Here, the DB_Version tag gets the DB_BackVersion tag value assigned.

Similarly, we can roll back the version tag for any database object.

Also, we can develop a more complicated versioning system for rolling tags forward and back. For instance, it can remember not only the previous version’s value but also store more tag values or even all tag values.

However, it is usually enough to store the current and previous versions of the database objects and the database itself.

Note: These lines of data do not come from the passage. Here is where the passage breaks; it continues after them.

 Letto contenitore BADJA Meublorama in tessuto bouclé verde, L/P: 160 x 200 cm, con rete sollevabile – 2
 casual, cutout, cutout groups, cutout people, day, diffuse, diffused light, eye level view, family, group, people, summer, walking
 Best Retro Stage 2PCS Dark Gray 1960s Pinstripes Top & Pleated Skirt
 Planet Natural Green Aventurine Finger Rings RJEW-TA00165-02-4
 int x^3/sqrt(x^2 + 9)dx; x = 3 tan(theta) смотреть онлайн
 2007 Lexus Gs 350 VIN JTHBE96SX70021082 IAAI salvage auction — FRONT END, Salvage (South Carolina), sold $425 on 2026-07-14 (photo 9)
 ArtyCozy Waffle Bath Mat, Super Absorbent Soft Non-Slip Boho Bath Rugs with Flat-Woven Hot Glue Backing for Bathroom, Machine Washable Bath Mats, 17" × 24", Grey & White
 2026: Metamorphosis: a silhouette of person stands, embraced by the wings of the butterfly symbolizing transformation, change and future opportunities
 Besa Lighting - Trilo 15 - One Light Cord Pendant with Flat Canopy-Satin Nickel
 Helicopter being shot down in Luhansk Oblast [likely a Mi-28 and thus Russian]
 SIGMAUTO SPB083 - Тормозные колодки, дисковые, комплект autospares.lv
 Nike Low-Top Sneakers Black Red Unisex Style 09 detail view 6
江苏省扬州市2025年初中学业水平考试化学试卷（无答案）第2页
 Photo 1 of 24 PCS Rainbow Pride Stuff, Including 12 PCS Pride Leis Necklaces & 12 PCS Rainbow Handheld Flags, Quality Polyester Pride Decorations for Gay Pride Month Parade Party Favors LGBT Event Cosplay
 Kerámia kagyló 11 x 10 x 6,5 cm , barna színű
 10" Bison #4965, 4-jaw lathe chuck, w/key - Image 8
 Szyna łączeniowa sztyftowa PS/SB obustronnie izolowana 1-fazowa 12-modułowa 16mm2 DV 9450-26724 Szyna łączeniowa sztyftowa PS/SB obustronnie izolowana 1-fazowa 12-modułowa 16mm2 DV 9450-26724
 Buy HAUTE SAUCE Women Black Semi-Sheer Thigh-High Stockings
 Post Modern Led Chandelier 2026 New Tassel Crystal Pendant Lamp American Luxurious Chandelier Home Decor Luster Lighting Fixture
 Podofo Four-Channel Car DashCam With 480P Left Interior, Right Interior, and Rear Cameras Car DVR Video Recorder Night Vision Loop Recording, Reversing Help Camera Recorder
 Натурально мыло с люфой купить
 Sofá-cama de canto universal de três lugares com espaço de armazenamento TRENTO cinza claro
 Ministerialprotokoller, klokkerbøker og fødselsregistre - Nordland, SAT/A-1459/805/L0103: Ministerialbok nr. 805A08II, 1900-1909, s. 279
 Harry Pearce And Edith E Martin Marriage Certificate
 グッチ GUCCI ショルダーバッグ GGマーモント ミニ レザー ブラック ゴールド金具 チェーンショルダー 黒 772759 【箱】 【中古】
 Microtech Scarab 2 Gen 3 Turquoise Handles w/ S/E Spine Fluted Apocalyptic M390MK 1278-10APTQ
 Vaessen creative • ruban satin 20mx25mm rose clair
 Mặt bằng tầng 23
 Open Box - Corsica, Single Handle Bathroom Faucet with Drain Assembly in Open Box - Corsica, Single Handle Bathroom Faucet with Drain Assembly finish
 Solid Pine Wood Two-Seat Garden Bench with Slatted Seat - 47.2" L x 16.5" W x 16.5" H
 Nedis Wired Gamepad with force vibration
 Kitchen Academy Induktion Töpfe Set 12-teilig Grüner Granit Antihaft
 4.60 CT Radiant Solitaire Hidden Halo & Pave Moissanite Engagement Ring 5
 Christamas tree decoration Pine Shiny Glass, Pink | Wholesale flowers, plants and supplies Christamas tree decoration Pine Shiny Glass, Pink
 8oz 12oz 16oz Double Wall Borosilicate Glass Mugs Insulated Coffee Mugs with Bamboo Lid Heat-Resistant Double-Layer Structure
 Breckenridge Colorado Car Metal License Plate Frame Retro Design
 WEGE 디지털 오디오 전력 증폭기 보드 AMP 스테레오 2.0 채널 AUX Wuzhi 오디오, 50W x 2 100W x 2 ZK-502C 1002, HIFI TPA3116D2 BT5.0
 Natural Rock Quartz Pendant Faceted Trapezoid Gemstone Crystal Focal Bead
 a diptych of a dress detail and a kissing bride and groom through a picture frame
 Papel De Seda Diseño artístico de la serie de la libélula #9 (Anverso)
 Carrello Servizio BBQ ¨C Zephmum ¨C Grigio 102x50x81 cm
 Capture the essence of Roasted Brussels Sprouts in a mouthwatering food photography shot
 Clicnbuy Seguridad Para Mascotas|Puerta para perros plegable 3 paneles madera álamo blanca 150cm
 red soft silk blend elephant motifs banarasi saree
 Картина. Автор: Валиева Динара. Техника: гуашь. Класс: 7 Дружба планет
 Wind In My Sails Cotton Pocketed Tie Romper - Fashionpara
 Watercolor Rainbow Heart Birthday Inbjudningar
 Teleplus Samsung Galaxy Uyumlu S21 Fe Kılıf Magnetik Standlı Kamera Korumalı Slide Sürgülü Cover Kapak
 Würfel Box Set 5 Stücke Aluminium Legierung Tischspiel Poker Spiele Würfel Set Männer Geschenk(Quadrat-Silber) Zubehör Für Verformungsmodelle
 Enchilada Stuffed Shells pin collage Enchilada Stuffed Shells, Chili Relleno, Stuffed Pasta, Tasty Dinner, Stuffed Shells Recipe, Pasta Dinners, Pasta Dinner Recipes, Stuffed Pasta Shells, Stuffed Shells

When we have the version tags arranged on a database, we can check a database object definition for the current version value. Based on the received value, the system can either update the object definition or inform the user that the update is impossible.

For example, you’ve created the stored procedure for the 2020_03 build. Hence, you can roll this stored procedure definition forward only if its version in the destination database is less than 2020_03. If you roll the stored procedure definition of the 2020_03 version forward on the same version or a newer one, you will overwrite the newer procedure definition. It would not be a roll forward – it would be a rollback. 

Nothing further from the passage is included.